1. Visual Processing Gate
The act of moving the eyes over a page from left to right is not a naturally developed trait.  For example, in Israel they read right to left, and in Japan they read in a column.  We teach this process when a child is first learning to read, by having him track with his finger across the page to train his eyes to move in this fashion.  After some practice, this should transfer to the child’s automatic hemisphere.  

 

How do we know if this process has not transferred and is taking too much energy?  

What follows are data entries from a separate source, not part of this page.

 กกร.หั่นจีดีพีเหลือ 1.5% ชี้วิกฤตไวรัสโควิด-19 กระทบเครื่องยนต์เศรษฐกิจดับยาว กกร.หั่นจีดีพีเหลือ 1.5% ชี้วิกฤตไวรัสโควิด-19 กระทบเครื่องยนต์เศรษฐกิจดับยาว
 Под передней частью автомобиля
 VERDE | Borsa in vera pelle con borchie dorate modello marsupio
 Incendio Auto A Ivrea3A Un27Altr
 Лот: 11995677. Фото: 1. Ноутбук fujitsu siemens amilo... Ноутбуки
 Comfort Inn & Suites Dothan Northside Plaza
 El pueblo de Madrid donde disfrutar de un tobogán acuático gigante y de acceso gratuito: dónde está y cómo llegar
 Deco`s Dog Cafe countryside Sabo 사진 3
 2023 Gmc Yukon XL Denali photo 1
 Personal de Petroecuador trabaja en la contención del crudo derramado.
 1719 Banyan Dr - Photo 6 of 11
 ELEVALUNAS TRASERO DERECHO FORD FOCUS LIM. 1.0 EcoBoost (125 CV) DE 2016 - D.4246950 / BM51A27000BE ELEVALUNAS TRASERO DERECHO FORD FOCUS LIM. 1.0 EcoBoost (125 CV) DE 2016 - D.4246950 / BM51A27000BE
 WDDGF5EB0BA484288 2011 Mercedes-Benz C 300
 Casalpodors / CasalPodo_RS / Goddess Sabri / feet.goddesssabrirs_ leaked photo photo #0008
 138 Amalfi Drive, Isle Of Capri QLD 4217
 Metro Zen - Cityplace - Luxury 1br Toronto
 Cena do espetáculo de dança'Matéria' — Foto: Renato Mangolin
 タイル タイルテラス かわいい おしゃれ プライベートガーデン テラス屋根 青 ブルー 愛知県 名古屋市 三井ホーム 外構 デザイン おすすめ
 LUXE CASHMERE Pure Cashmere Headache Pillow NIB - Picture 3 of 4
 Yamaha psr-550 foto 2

These are some of the characteristics this child will exhibit:
  • Reading reversals (on=no; was=saw…after age seven)
  • Skipping of little words, but can read longer word
  • Reading begins smooth, but soon becomes labored
  • Older children who can read, but tire easily…yawning shortly after beginning reading.

 

2. Writing Processing Gate
When the child’s visual/spatial skills, or the act of writing, haven’t transferred into the automatic hemisphere, he often looks like he’s “sloppy, lazy or unmotivated.”  His papers are poorly spaced, or he refuses to write much of anything for the parent or teacher. This is the most common learning gate that is blocked in gifted children.  It seems like they are “allergic to a pencil.”  Transferring his thoughts into writing, or just copying something, takes a huge amount of battery energy for this child.  

 

Characteristics of this gate being blocked include:
  • Frequent or occasional reversals in letters after age seven (even if only “once in awhile”)
  • Copying is laborious
  • Poor spacing in math papers
  • Great stories orally, but writes very little
  • Does mental math to avoid writing

 

3. Auditory Processing Gate
A common myth about Auditory Processing is,  “My child has an auditory processing problem because he can’t remember three directions at once.”  This is likely more of a focusing/attention issue.  For example, if we would ask him to ”Go into the kitchen and get a candy bar, a glass of chocolate milk, and a dish of ice cream for you,” the child would likely remember these directions.

 

A child, who is suffering with an Auditory Processing Problem, generally has trouble with reading.  

  

Common characteristics of this gate being blocked are:
  • Phonics sounds don’t stick; no matter how many games you have played.
  • Sight words are hard to memorize…even learning alphabet letter names can be hard
  • Sounds out same word over and over in a story
  • Can’t easily sequence sounds…like months of the year or skip counting
  • Is a “Word Guesser”
  • No phonetic pattern to spelling…doesn’t hear consonants.  “Thursday is Tuesday”

 

4. Focus/Attention Gate
This can be the most puzzling blocked learning gate to identify. A child may look like he has no memory, or a true learning disability, when what is really going on is that this child has to use too much battery energy to remain focused during the instruction, or completing the lesson.  The child may look like he is “paying attention” to your lesson by giving you good eye contact.  However, in his head, he is “two doors down playing with his friend, or in the dinosaur village.”   

 

Here are some characteristics of a child who has to use too much battery energy to remain focused:
  • Inconsistency in performance from one day to another
  • Needs to have someone sit with him to finish work
  • Forgets previously learned work much of the time…seems to have a “memory” problem
  • Can have impulsive behavior…easily getting upset when things go wrong.
  • Sensory Processing problems (little things bother him a lot, like tags on shirts, loud noises, transitions, foods, etc.)

 

Be assured, you do not need to be an “expert, or professional” to make learning easier for your child or student.  In the many articles I have on my website, I discuss each learning gate individually, and show you the corrections that I developed when I taught these wonderful children in my special education classes.  

 

You will see that it is not hard to do.  It just requires some tools, strategies and techniques that you may not be familiar with right now.  

 Bottom line:  Learning does not have to be so hard for your child.